Sul Gran Cratere di Vulcano: vento, zolfo e meraviglia

L’arrivo sull’isola e il panino che sa di Eolie

Appena sbarcato dall’aliscafo, l’aria di Vulcano mi è entrata nei polmoni con quella sua intensità sulfurea che non ti lascia indifferente. Prima di tutto, un salto all’alimentari: pane fresco, pomodorini e formaggio fatto proprio sull’isola. Uno di quei panini semplici che sanno di terra, sole e fatica buona.

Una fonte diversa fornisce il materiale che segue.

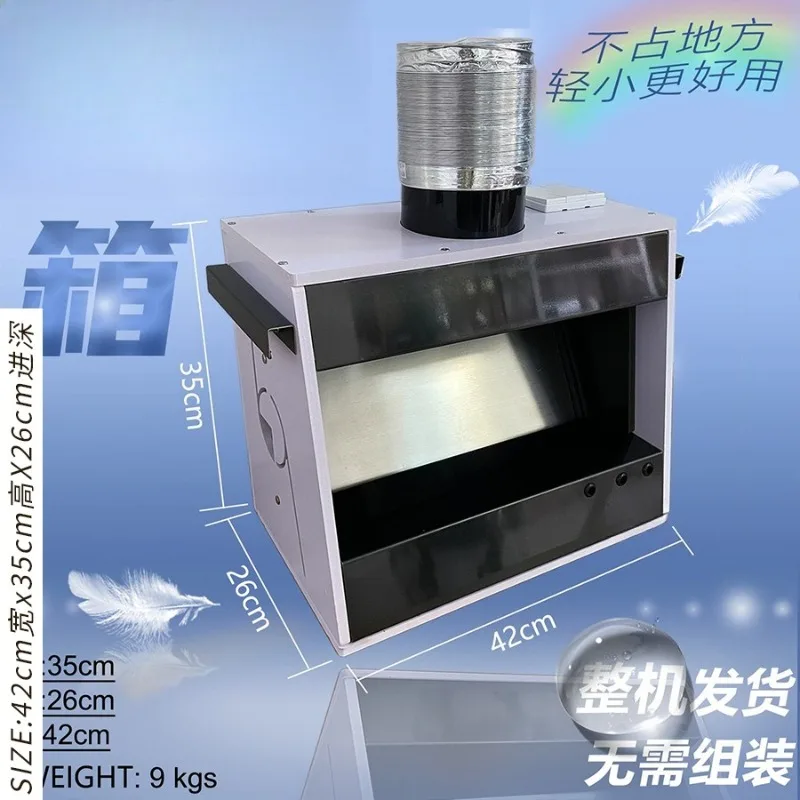 spray paint box, water curtain figure coloring spray table, water curtain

L’ascesa comincia: semaforo verde

Zaino in spalla, ho preso la strada asfaltata che conduce all’inizio del sentiero. Quel giorno il semaforo era verde, via libera per salire sul Gran Cratere. Già da lì, l’emozione era forte. I primi passi mi ricordavano Stromboli: il terreno polveroso, il silenzio interrotto solo dal fruscio del vento e il respiro che iniziava a farsi più corto.

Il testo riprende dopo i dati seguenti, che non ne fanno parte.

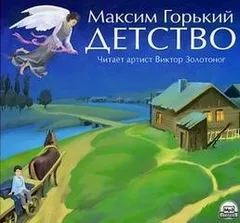 Детство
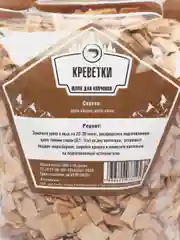 Щепа для копчения "КРЕВЕТКИ", 250 г, Дед Алтай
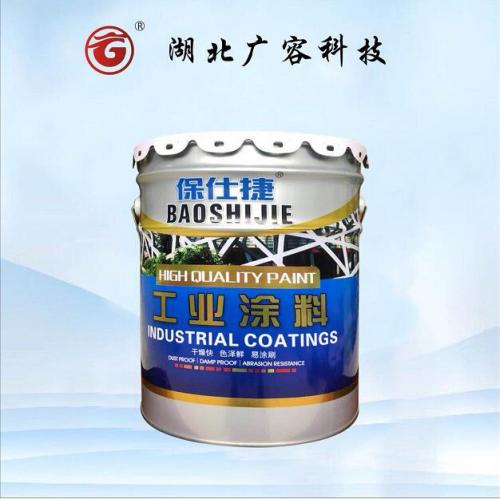 保仕捷工業涂料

Tra tornanti, rocce lunari e fumarole

Tornante dopo tornante, la vista si apriva sempre di più. Il mare, l’orizzonte, le altre isole che spuntavano come sorelle silenziose… sembrava un sogno che si allargava sotto i piedi.

Poi, improvvisamente, lo scenario cambiava. Il sentiero si faceva più selvaggio, spezzato dai solchi scavati dall’acqua piovana. E sopra, un paesaggio quasi lunare: rocce rosse, gialle, venature nere. Un mondo minerale, crudo, dove ferro e zolfo disegnano colori che non trovi altrove.

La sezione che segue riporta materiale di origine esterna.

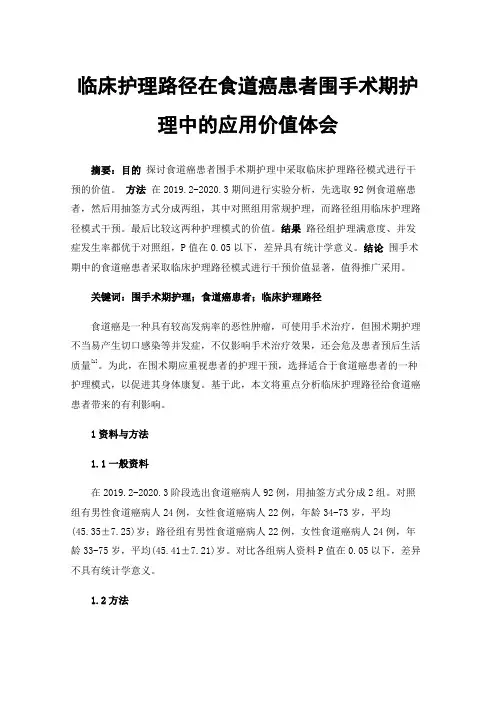 临床护理路径在食道癌患者围手术期护理中的应用价值体会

Una piccola arrampicata tra formazioni rocciose grosse come balene addormentate, e poi… le fumarole. Il respiro del vulcano. Quelle nuvole calde che salgono dalla terra ti ricordano che sotto i piedi c’è fuoco vivo.

Lassù, con il vento in faccia

Mi sono seduto lì, sul bordo, con il panino ormai un po’ stropicciato nello zaino e il vento che soffiava deciso. Forte. Ti spostava quasi. Ti metteva alla prova. Lo zolfo pizzicava il naso, ma era come se la montagna ti stesse parlando. E io l’ascoltavo. Senza fretta.

Davanti a me il cratere si apriva immenso, silenzioso e vivo. Dentro non c’era solo cenere: c’era la storia dell’isola, le sue paure e la sua bellezza spietata. Mi sembrava quasi di sentire il battito del cuore della terra.

Con quel vento in faccia e la polvere che si infilava dappertutto, mangiare quel panino è diventato un rito. Un gesto semplice, ma potente. Mi bastava guardarmi intorno per sentirmi sazio. Quello che avevo davanti agli occhi era più che sufficiente.

Ritorno alla realtà, con un arrivederci nel cuore

La discesa è stata lenta, quasi un ritorno alla realtà. Mi sono voltato più volte, come si fa quando lasci un posto a cui ormai ti sei affezionato. Ogni passo era un arrivederci, non un addio.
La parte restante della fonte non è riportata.